In September 2006, a research paper written by an intelligence official for the British Ministry of Defence was leaked to the media. It accused the ISI of “indirectly supporting terrorism and extremism”. In July 2008, then Deputy Director of the Central Intelligence Agency Stephen Kappes and then Chairman Joint Chiefs of Staff Mike Mullen came to Pakistan to present the government with evidence that the ISI was linked to militants carrying out attacks in Afghanistan.
The most dramatic accusation against the ISI came on August 1, 2008 from US President George W Bush who asked, “Who controls the ISI?” He went on say it was impossible to share intelligence with Pakistan “because it goes straight to the terrorists.” Intelligence, according to Bush, could not be provided to Pakistan “because certain elements of the ISI are leaking information to the terrorists before they could be hit by the US or Pakistani forces”.
The double game
The question that needs to be asked is why, if the US and other Western countries have been suspicious of the ISI for years and have been receiving the raw data that was released by WikiLeaks, do they continue to mostly turn a blind eye to its activities.
Yet another questionable fact is whether the allegations attributed to the ISI could be the work of the parallel organisation that was reportedly created to avoid the attention of Western governments, which Ahmed Rashid wrote about in his 2008 book Descent into Chaos. According to Rashid, “Running a two-track policy was proving to be an institutional difficulty for the ISI, a difficulty that was resolved with the creation of a new clandestine organisation that would operate outside the military and intelligence structure, in the civilian sphere. Former ISI trainers of the Taliban, retired Pashtun officers from the army and especially the Frontier Corps, were rehired on contract. They set up offices in private houses in Peshawar, Quetta and other cities and maintained no links with the local ISI station chief or the army.” Equally curious is the strong support the US has lent to Chief of Army Staff General Ashfaq Parvez Kayani, given that he headed the ISI during most of the period covered by the WikiLeaks reports. Reportedly, one of the reasons for the three-year extension recently granted to Kayani is the rapport he enjoys with US soldiers. However, the WikiLeaks reports have highlighted the army and the ISI’s role once again, indicating that Kayani’s next three years as COAS have started on a note of suspicion.

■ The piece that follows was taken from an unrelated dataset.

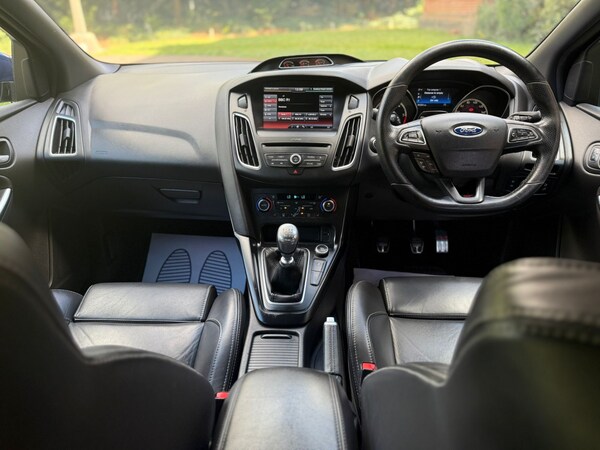 Used Ford Focus 2015 for sale - 76286982: Photo 9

The role of other intelligence agencies in Afghanistan may also be of concern to the ISI. In a 2006 interview, Pakistan Muslim League (Q) leader Mushahid Hussain alleged that India’s Research and Analysis Wing “has established its training camps in Afghanistan in collaboration with the Northern Alliance remnants”. This April, the Inter-Services Public Relations Director General Maj-Gen Athar Abbas said, “Why is the US listening to India more in Afghanistan? Frequent events do suggest a rise in foreign activities inside both [Pakistan and Afghanistan]. The ISI is working to counter these activities, but the US can do more to remove those irritants by listening more to us.”
While an anti-Pakistan bias can be detected from some of the reports – particularly in complaints from Afghan officials – and can be discounted on that basis, the serious allegations levelled against the ISI, that is widely described as ‘a state within a state’ should be cause for concern for the civilian government that has consistently been under pressure to ‘rein in the ISI’.
Published in The Express Tribune, August 4th, 2010.